Exercise details
Begin at the first line below and copy each line exactly, ending with the line where "Мойка кварц, прямоугольная, KS-5002, 500*510мм, черный" appears.

--- START ---

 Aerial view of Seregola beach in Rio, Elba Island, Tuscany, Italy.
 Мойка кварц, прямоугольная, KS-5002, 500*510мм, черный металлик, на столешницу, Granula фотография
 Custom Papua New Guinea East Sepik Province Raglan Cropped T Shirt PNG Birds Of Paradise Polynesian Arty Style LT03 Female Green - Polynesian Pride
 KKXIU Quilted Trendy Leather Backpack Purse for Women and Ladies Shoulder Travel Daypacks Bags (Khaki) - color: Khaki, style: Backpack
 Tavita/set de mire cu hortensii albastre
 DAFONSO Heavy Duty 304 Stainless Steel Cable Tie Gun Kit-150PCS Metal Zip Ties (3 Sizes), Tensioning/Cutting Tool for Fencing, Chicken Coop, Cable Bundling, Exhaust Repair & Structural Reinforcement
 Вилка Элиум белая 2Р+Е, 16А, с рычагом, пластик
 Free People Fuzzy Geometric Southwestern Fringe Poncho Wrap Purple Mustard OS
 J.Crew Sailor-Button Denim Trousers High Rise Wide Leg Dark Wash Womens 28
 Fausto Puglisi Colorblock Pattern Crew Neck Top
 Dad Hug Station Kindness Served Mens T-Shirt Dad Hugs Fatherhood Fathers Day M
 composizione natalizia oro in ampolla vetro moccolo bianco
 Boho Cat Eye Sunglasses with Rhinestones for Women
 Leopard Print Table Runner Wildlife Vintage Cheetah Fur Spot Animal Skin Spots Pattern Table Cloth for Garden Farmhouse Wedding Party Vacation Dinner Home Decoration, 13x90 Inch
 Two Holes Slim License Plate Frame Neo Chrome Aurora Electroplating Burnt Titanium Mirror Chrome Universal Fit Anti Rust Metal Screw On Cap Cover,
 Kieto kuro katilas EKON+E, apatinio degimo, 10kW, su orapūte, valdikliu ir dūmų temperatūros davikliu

--- END ---

Answer box
 Aerial view of Seregola beach in Rio, Elba Island, Tuscany, Italy.
 Мойка кварц, прямоугольная, KS-5002, 500*510мм, черный металлик, на столешницу, Granula фотография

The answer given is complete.